There are also information of cpu, dram, battery, gpio, touch, etc. Here we can see the related information.

1
2
3
4
5
6
7
8
9
10
11
12
13
14
15
16
17
18
19
20
21
22
23
24
25
26
27
28
29
30
31
32
33
34
35
36
37
38
39
40
41
42
43
44
45
46
/**************************************************************
* START | SIZE | TARGET
* -------------------------------------------------------- 0MB
* 0xA000_0000 | 0x0020_0000 | modem rf_nv (2MB)
* 0xA020_0000 | 0x0020_0000 | modem cust_nv (2MB)
* 0xA040_0000 | 0x0040_0000 | modem default_nv (2MB)
* 0xA080_0000 | 0x0010_0000 | modem log (1MB)
* -------------------------------------------------------- 7MB
* 0xA090_0000 | 0x0004_0000 | last_alog_main (256KB)
* 0xA094_0000 | 0x0004_0000 | last_alog_events (256KB)
* 0xA098_0000 | 0x0004_0000 | last_alog_radio (256KB)
* 0xA09C_0000 | 0x0004_0000 | last_alog_system (256KB)
* 0xA0A0_0000 | 0x0004_0000 | last_kmsg (256KB)
* 0xA0A4_0000 | 0x0002_0000 | last_blog (128KB)

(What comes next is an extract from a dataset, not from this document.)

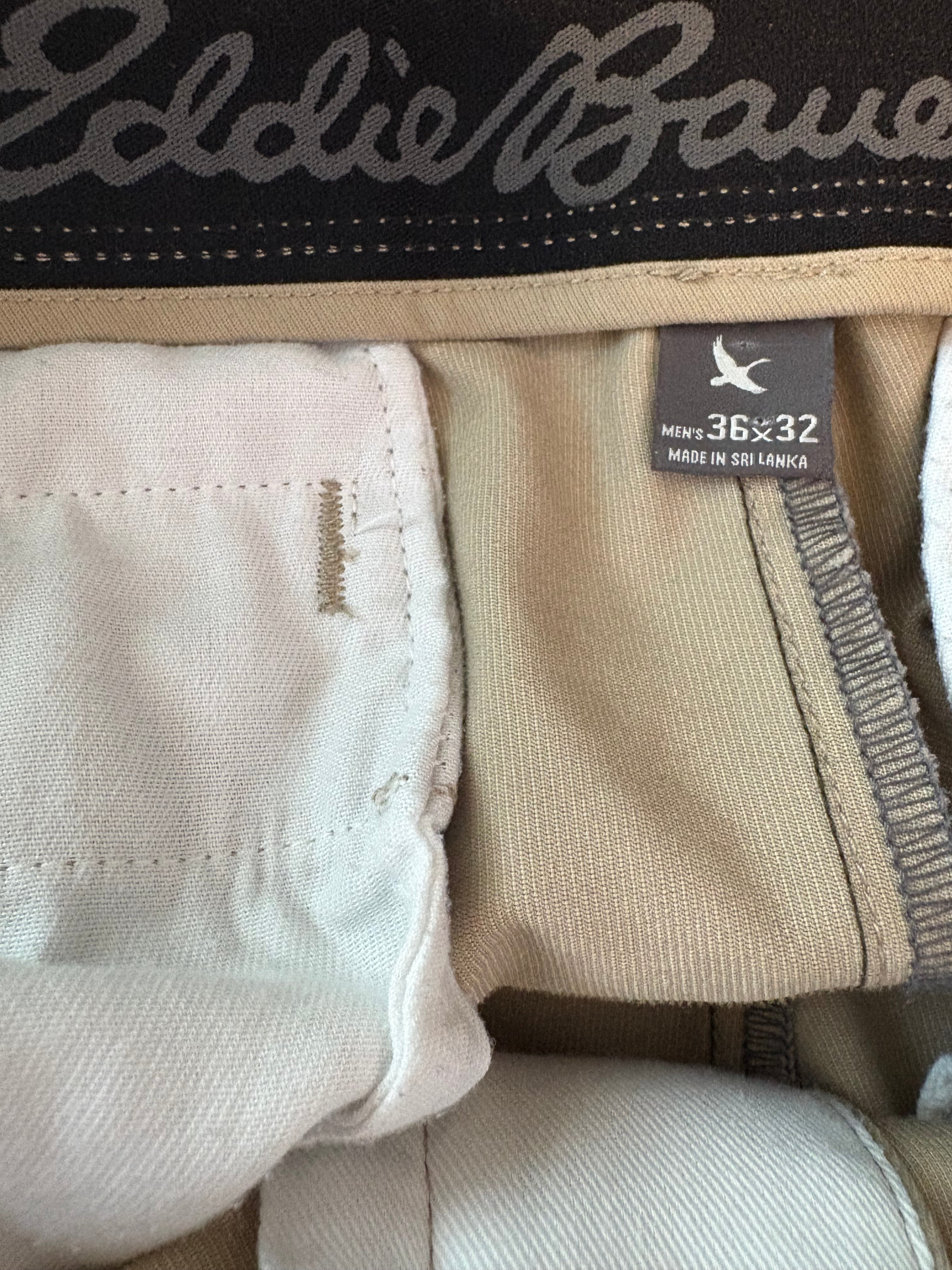 Eddie Bauer Men's Khaki Pants Cotton Polyester Spandex Size 36W 32L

* 0xA0A6_0000 | 0x0002_0000 | blog (128KB)
* -------------------------------------------------------- 8.5MB
* 0xA0A8_0000 | 0x0000_0040 | hwid:hwcfg (64B)
* 0xA0A8_0040 | 0x0000_0040 | secboot:devinfo (64B)

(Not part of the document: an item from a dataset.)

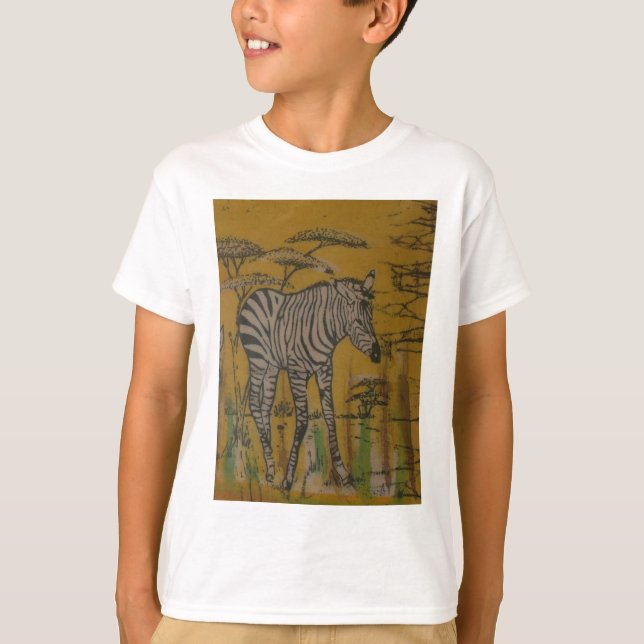 Camiseta O Espírito Serengeti: Zebra Grazing na Mara (Frente)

* 0xA0A8_0080 | 0x0000_0100 | secboot:unlock (256B)
* 0xA0A8_0180 | 0x0000_0080 | sutinfo (128B)
* 0xA0A8_0200 | 0x0000_0010 | no use 1 (16B)
* 0xA0A8_0210 | 0x0000_0010 | bset (16B)
* 0xA0A8_0220 | 0x0000_0010 | bat-id adc (16B)

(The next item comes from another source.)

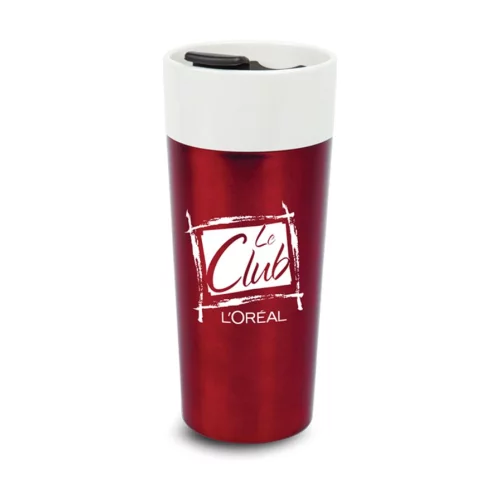 Le gobelet brillant en acier inoxydable/céramique - 16 oz rouge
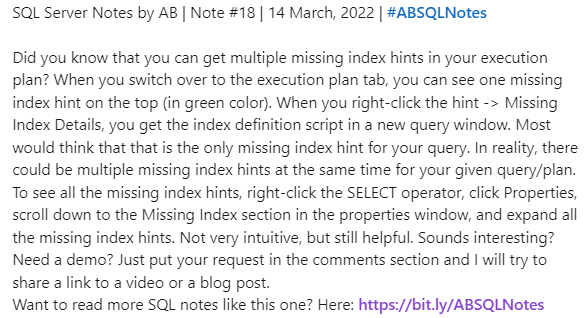 A_Bansal's tweet photo. SQL Server Notes by AB  | Note #18 | 14 March, 2022 | #ABSQLNotes https://t.co/BO6pbA7vLf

* 0xA0A8_0230 | 0x0000_0010 | no use 2 (16B)
* 0xA0A8_0240 | 0x0000_0020 | apr (32B)
* 0xA0A8_0260 | 0x0000_0180 | no use 3 (384B)
* 0xA0A8_03E0 | 0x0000_0020 | mem (32B)
* 0xA0A8_0400 | 0x0000_0C00 | no use 4 (3KB)
* 0xA0A8_1000 | 0x0000_1000 | e2p (4KB)
* 0xA0A8_2000 | 0x0000_1000 | cda (4KB)
* 0xA0A8_3000 | 0x0000_1000 | note (4KB)
* 0xA0A8_4000 | 0x0000_1000 | hwcfg (4KB)
* 0xA0A8_5000 | 0x0000_3000 | no use 5 (12KB)
* 0xA0A8_8000 | 0x0004_0000 | fver (256KB)
* 0xA0AC_8000 | 0x0000_4000 | sensordata (16KB)
* 0xA0AC_C000 | 0x0000_4000 | LCM data (16KB)
* 0xA0AD_0000 | 0x0000_1000 | DDR CDT (4KB)
* 0xA0AD_1000 | 0x0000_1000 | sensor TOF (4KB)
* 0xA0AD_2000 | 0x0000_8000 | sensor SSC (32KB)
* 0xA0AD_A000 | 0x0000_6400 | sensordata 2 (25KB)
* 0xA0AE_0400 | 0x0001_FC00 | no use 6 (127KB)
* -------------------------------------------------------- 9MB
* 0xA0B0_0000 | 0x0020_0000 | pstore (2MB)
* -------------------------------------------------------- 11MB
* 0xA0D0_0000 | 0x00B0_0000 | All FIH mem (11MB)
*/

Conclusion

In this post, I analyzed the how the ABL Bootloader and the Linux kernel deal with the DT. It is interesting to know some details about the exact processing on the Nokia 8(NB1) platform anyway.